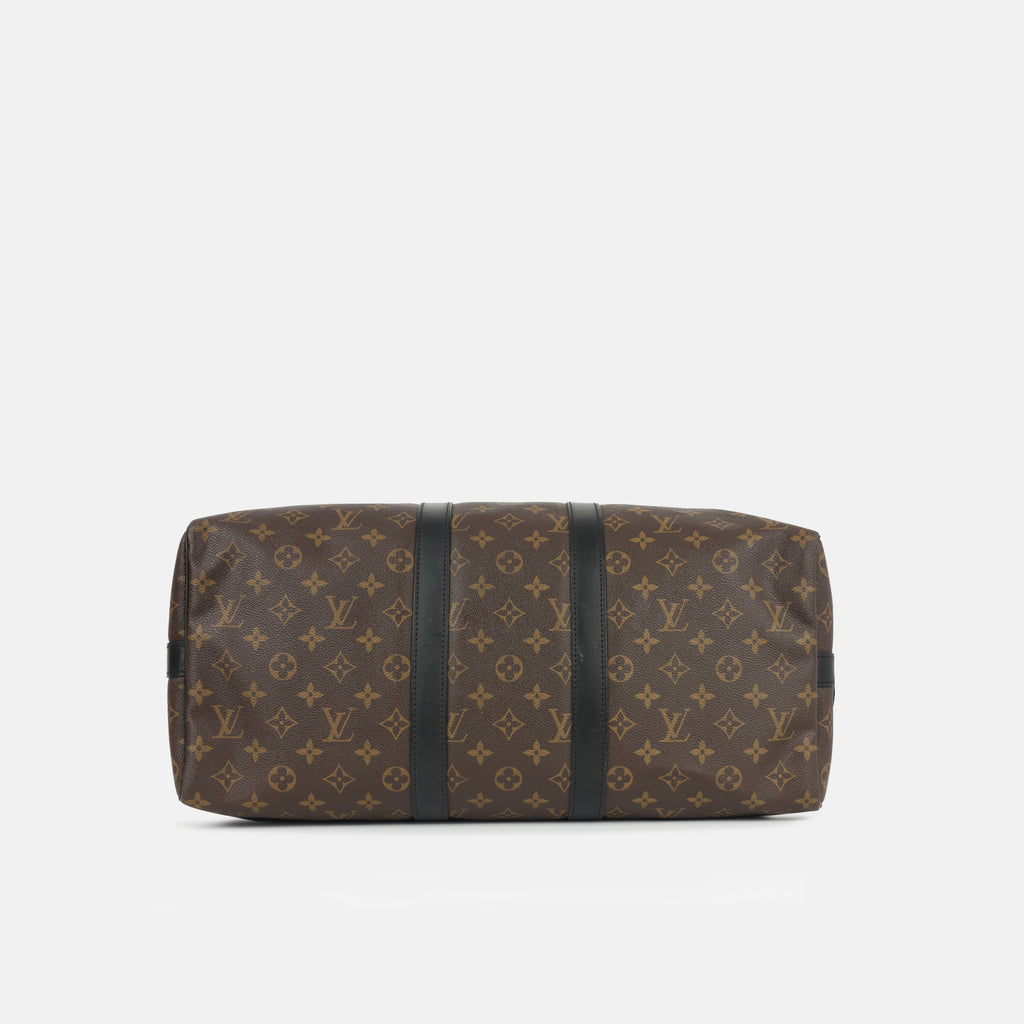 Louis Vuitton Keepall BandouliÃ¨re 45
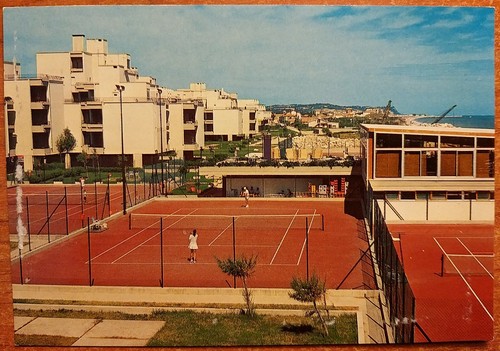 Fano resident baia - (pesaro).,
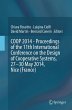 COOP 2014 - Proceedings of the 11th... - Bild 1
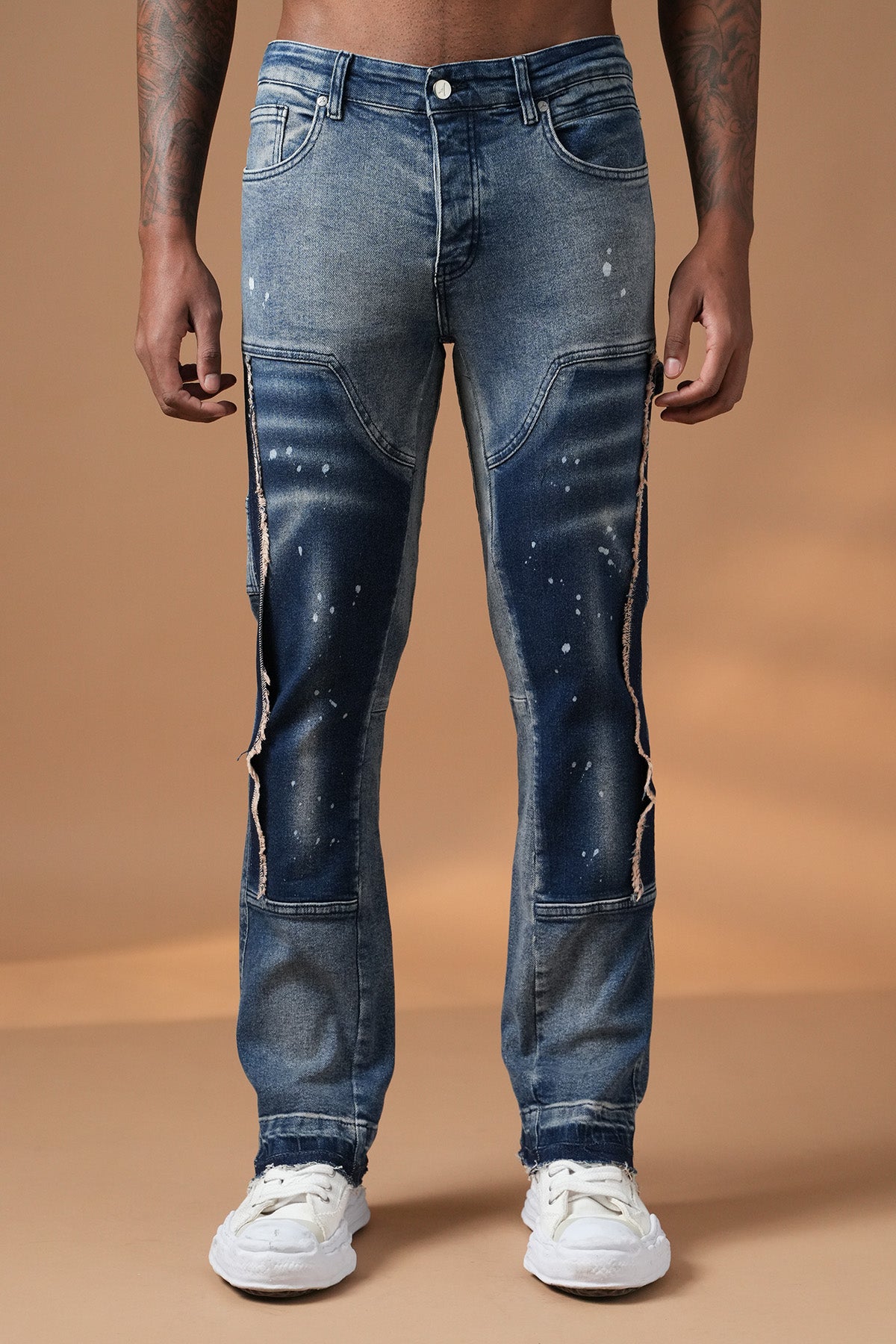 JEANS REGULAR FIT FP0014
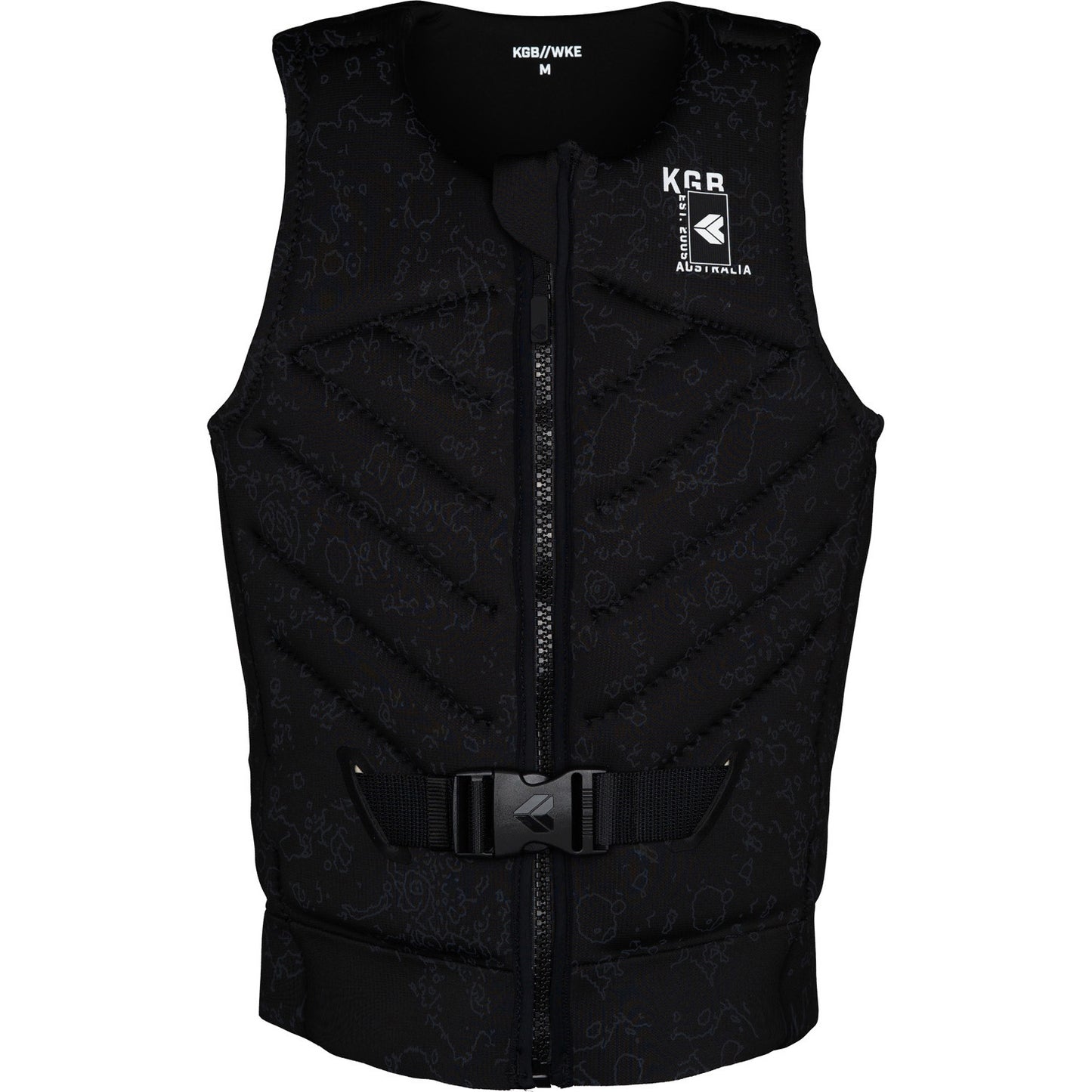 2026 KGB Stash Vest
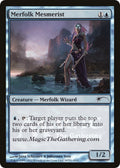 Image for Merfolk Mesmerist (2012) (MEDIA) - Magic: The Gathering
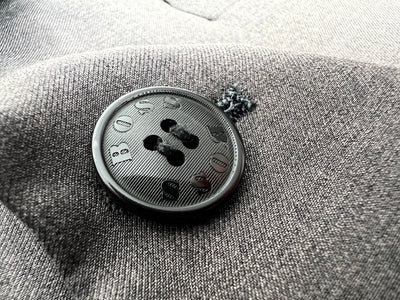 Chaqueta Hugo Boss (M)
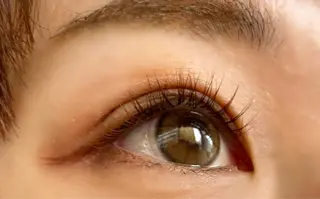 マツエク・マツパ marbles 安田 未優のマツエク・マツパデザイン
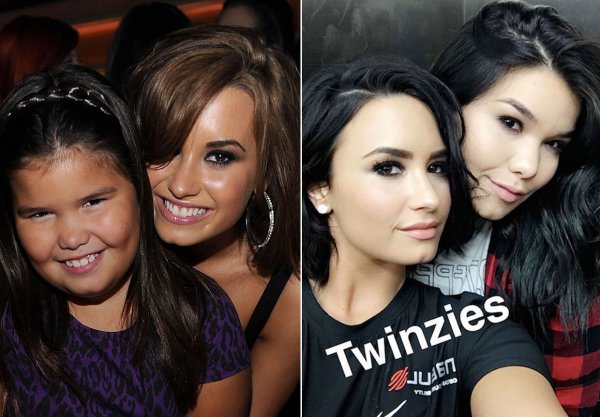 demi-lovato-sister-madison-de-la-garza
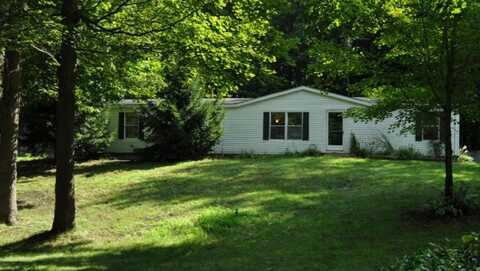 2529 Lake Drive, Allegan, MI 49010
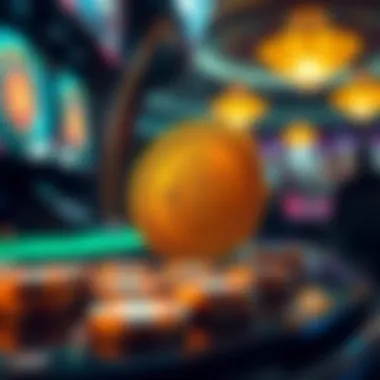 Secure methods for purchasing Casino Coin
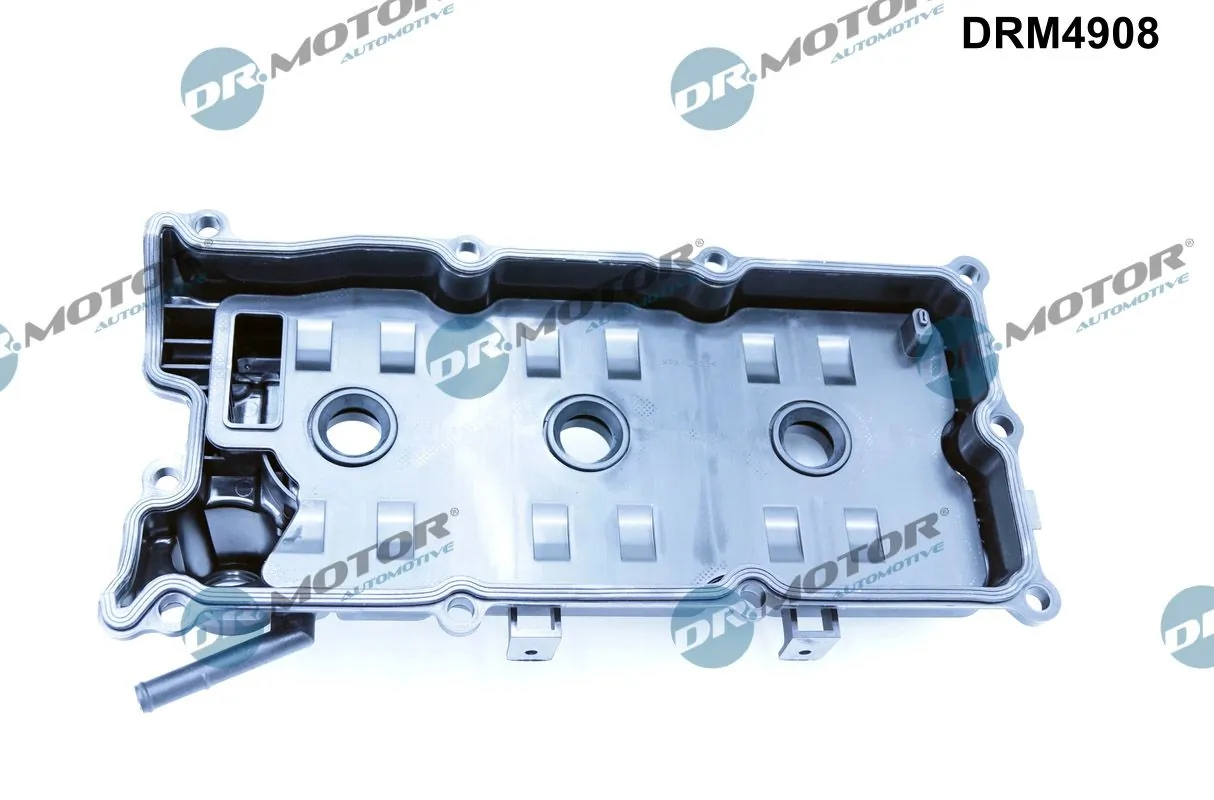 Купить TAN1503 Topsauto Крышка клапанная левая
++++++++
• TASK OBJECTIVE: Take the lines from the one holding "Secure methods for purchasing Casino Coin" through the final line of the listing above and copy them exactly, both ends included, with no pictures.

• ANSWER BOX:
 Secure methods for purchasing Casino Coin
 Купить TAN1503 Topsauto Крышка клапанная левая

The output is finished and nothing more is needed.